We had one of the worst set-to’s of our little lives, the Partner and I, on Wednesday.  I hiked up onto the bluff seriously thinking that now might be the time to just put myself down once and for all.  Enough is enough and my little nerves are shredded. What, I roared at myself, is the frigging POINT?! This is when I saw the bear scat.  Somehow that changed everything just enough, seeing that little berry-filled mound and knowing that once again a bear was really around, that a bear is afoot!, for me to pull myself together, wipe off my glasses, stump down to the yurt, and tell the Partner that if he was still speaking to me, I had some bear poo to show him.  Also, the tip of Mt. Shasta was glittering high above the clouds.  It all looked like Shangri-La.   Again, the humbling realization of the complete interconnection of all things and the necessity to quietly observe the patterns,  the knowing that however weird things may seem we are all in a flow, a huge flow of divinity really.  Clear your energy and carry on, in short.

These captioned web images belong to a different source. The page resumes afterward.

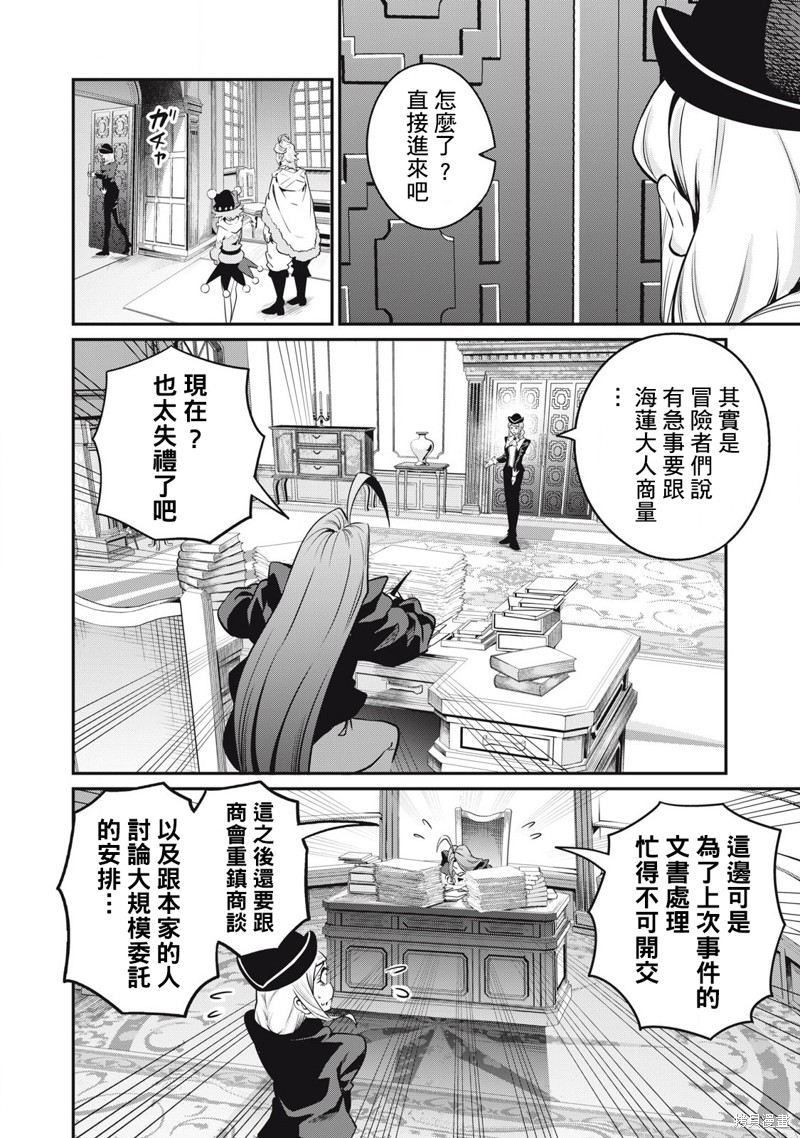 《被追放的转生重骑士用游戏知识开无双》第87话第4页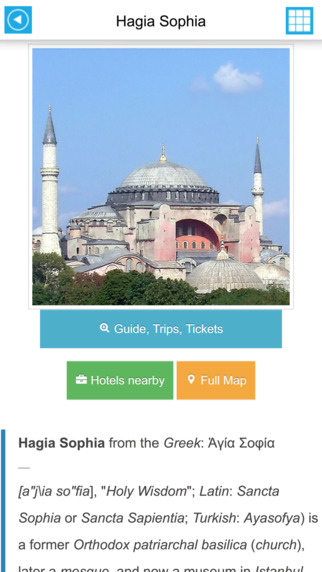 【免費旅遊App】Istanbul (Turkey) Offline GPS Map & Travel Guide Free-APP點子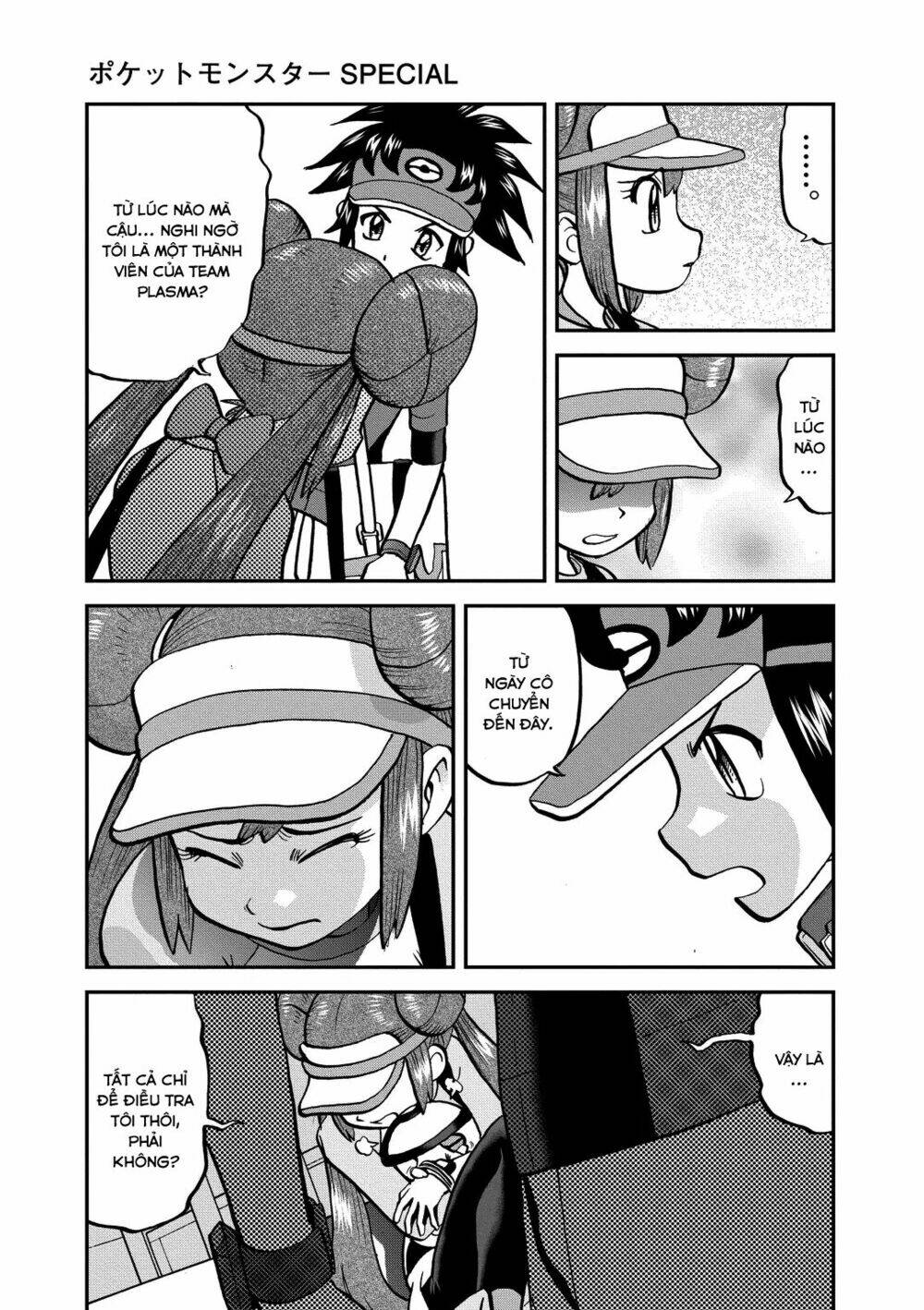 thú cưng đặc biệt chapter 540 3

We thus make it to Thursday, amazingly.  Usually we cook the turkey outside on the Weber.  This year that wound up not working and a third of the way through the turkey had to be rescued from said Weber, wiped down, and put in the oven.  Since a miracle had already happened and the turkey was smaller than usual, this worked splendidly- the roasting pan was the right size and the bird fit in, right next to the pie which was also being agonized over, since the oven temperature is not what the dial might make you think it is, if you know what I mean.  It all turned out, anyway and in the end, just like I knew what I was doing, and we had actually a wonderful, and grateful, dinner.  We were too full to eat pie til the next day, and even the pie seemed almost other worldly in its custardy, honeyed pumpkin spicy pie apotheosis.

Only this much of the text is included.